It is more than perplexing that regulators are spending an inordinate amount of time trying to find fault with fixed indexed annuities.
Due to the downside guarantees, these products have saved clients from suffering billions of dollars in market losses. Yet when advisors write fixed indexed annuities in the current regulatory environment, the implicit message is they should somehow feel guilty for doing so–even though the product offers a principal guarantee, a minimum interest rate guarantee and an income the client cannot outlive.
For the right client, the fixed indexed annuity has been, and still is, an outstanding product.
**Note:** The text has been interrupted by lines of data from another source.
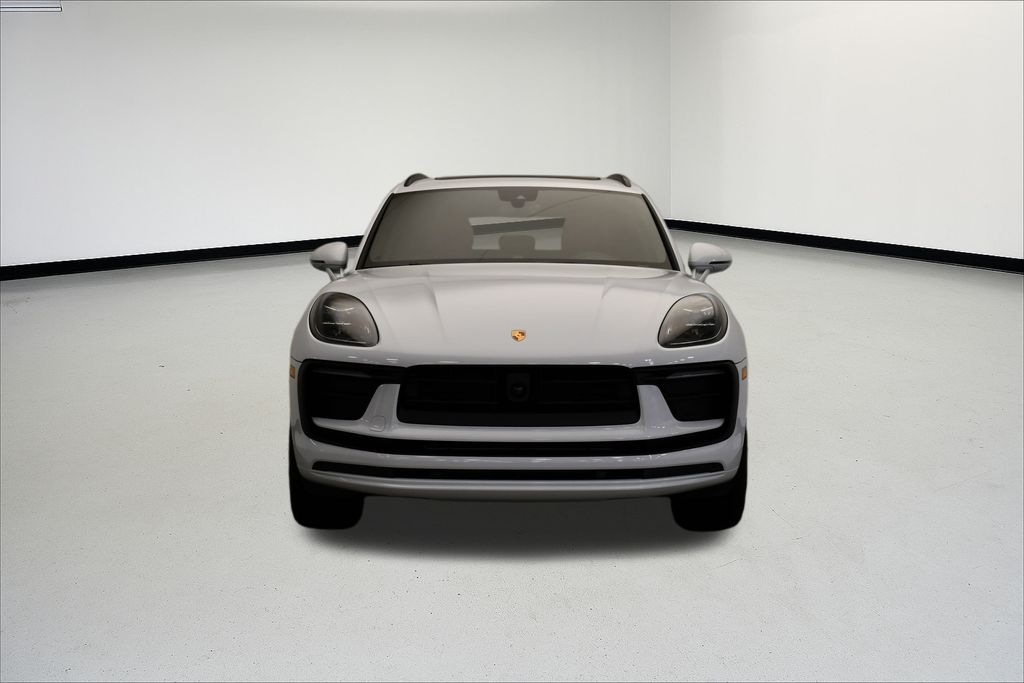 Thumbnail: 2026 Porsche Macan - 10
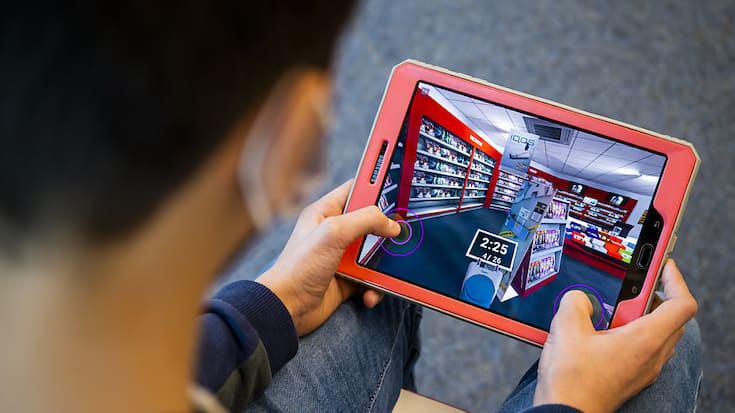 Un jeune joue sur une tablette avec le jeu "Splash pub" qui sensibilise les jeunes à l'onipresence de la publicité pour le tabac (Photo d'illustration.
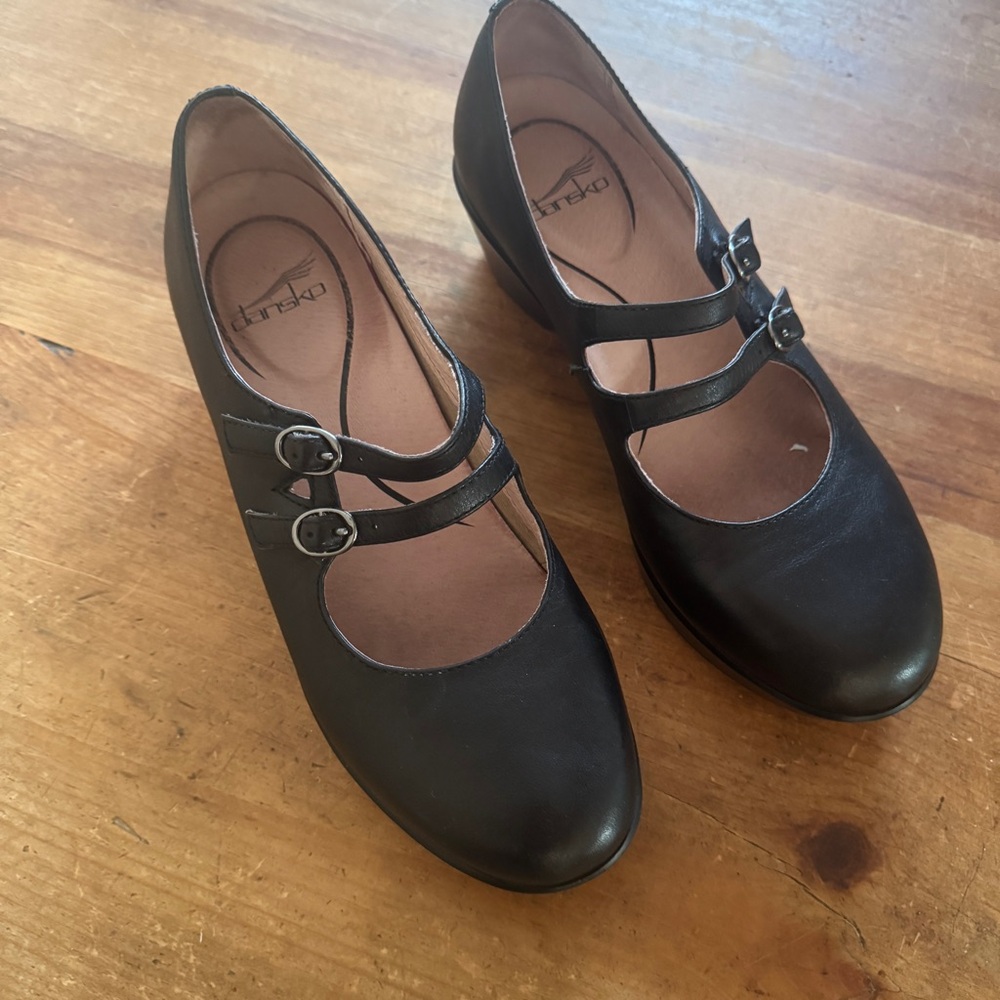 Dansko Double strap Mary Jane Shoes sz 10 /Euo 40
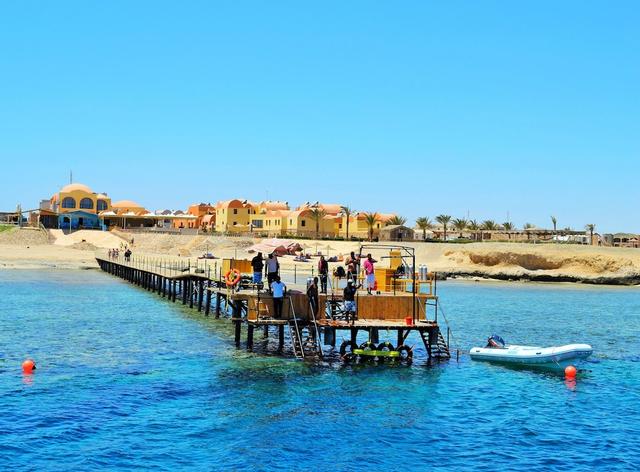 مبنى صديق البيئة ومنتجع روحانو بيتش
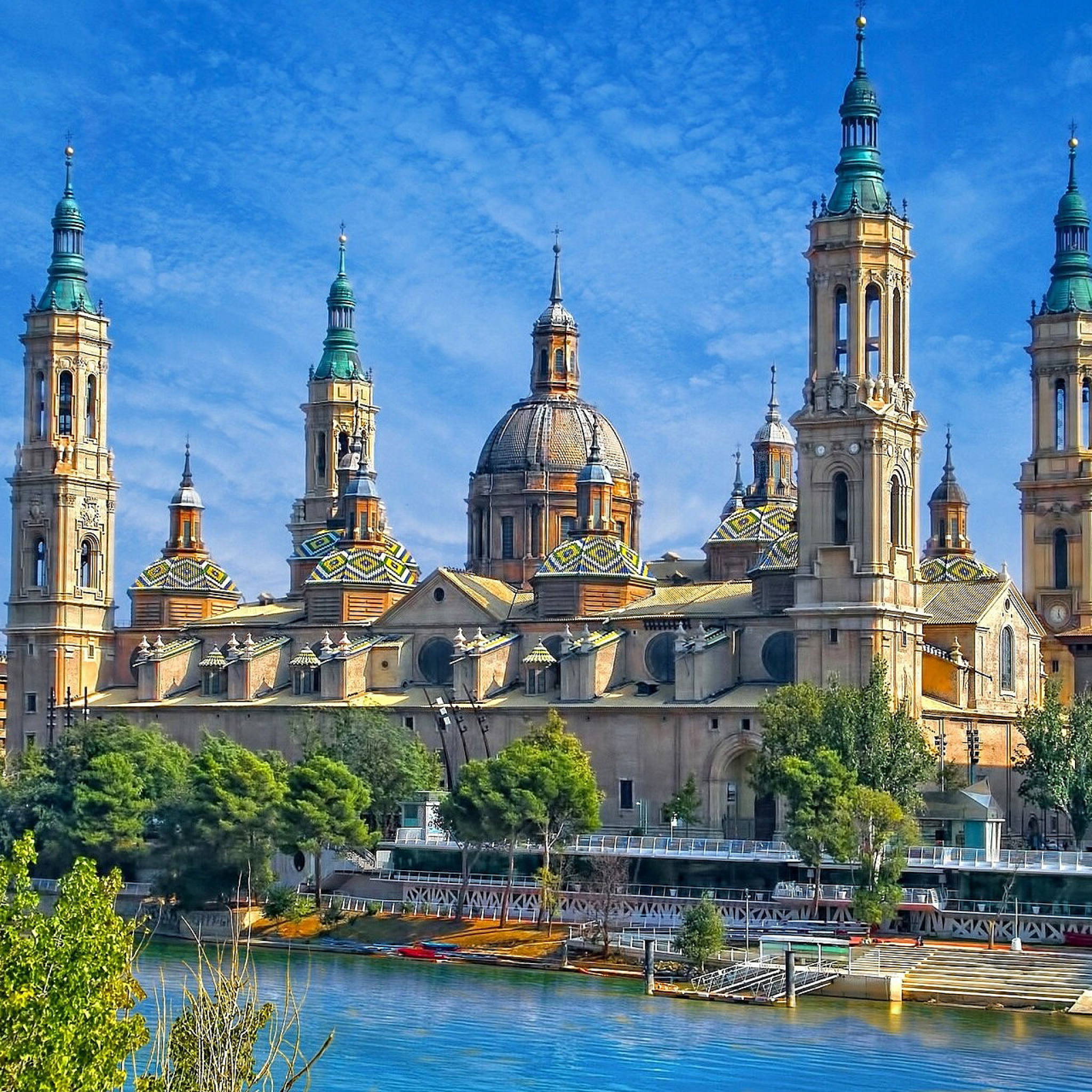 Basilica of Our Lady of the Pillar, Zaragoza, Spain screenshot #1 2048x2048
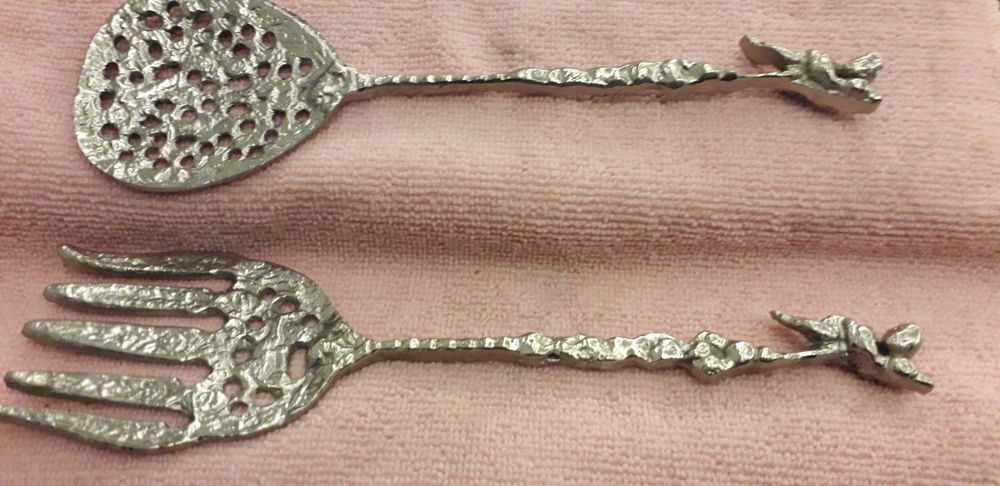Talheres (3) com querubim, em metal prateado, muito antigos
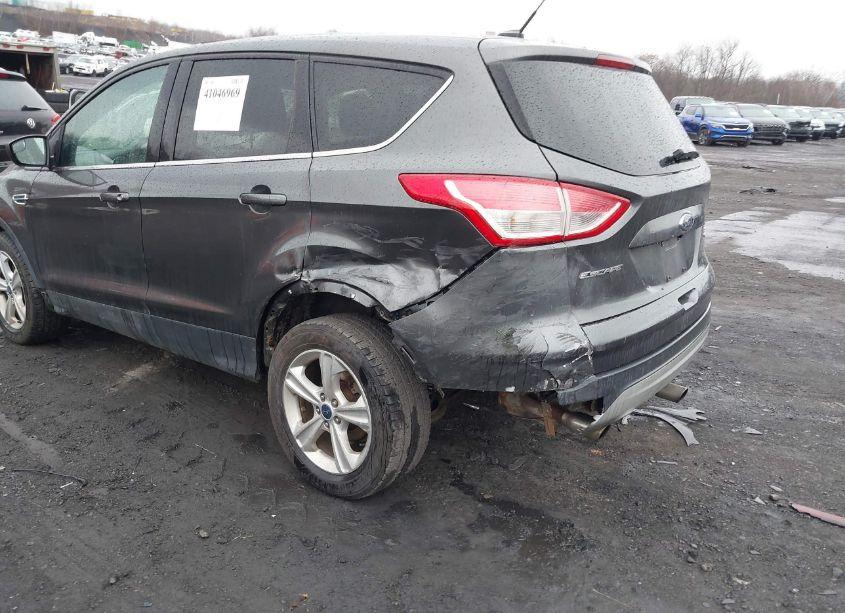 Photo 6 of 2016 Ford Escape SE (VIN 1FMCU9GX5GUA89796)
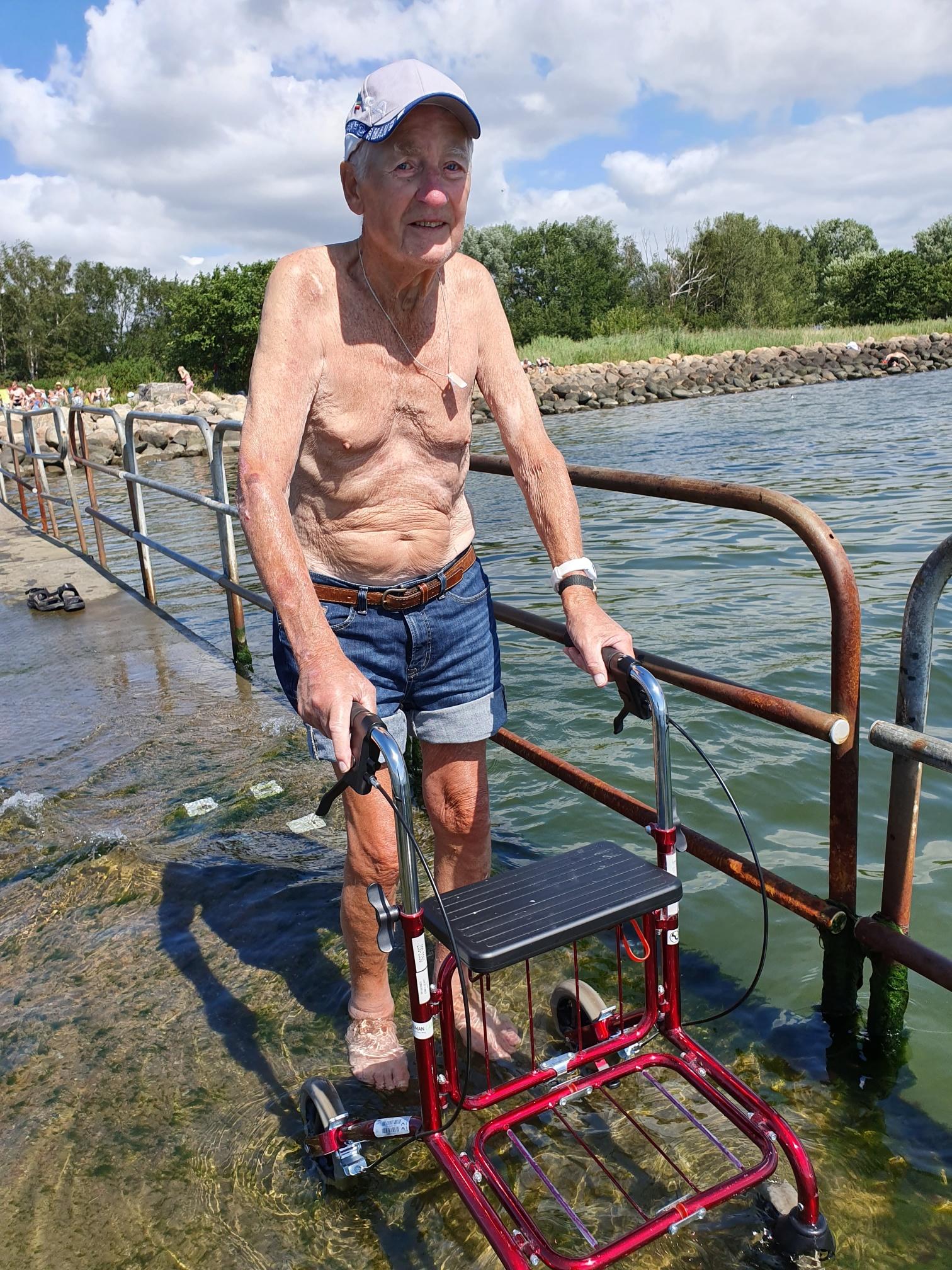 Birger, 97, fick känna på vattnet för första gången på 35 år.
It provides downside protection and upside potential.
Even so, if securities licensed reps want to reposition clients who have been exposed to mutual fund losses by putting them into a fixed index annuity, they’ll need a lot of luck. That’s because any attempt to reposition those assets could be interpreted by regulators as “churning.”
What to do? At the very least, advisors should have such clients sign disclosure forms of the advisor’s own, not just disclosure forms from the financial providers. This includes having them sign a “hold harmless agreement” (see below).
I offer this suggestion as an agent who is doing exactly that. I am not an attorney, but I hired an attorney to draft such a form for the benefit of my business.
The hold harmless approach addresses the exposure the advisor faces due to over-regulation and the resulting compliance requirements. Generally, the problem that gives rise to so much regulation is what the regulators believe to be “agent misrepresentation.” The regulators seem to perceive that the vast majority of injured consumers are alleging agent or broker misrepresentation. Hence, they have spurted out many rules and regulations to correct the perceived problem, and a myriad of compliance requirements have followed.
Complaining about this does no good. The regulations and requirements are already here. But agents and brokers should develop their own response to this complicated situation. That is, they should consider using their own hold harmless agreement with clients.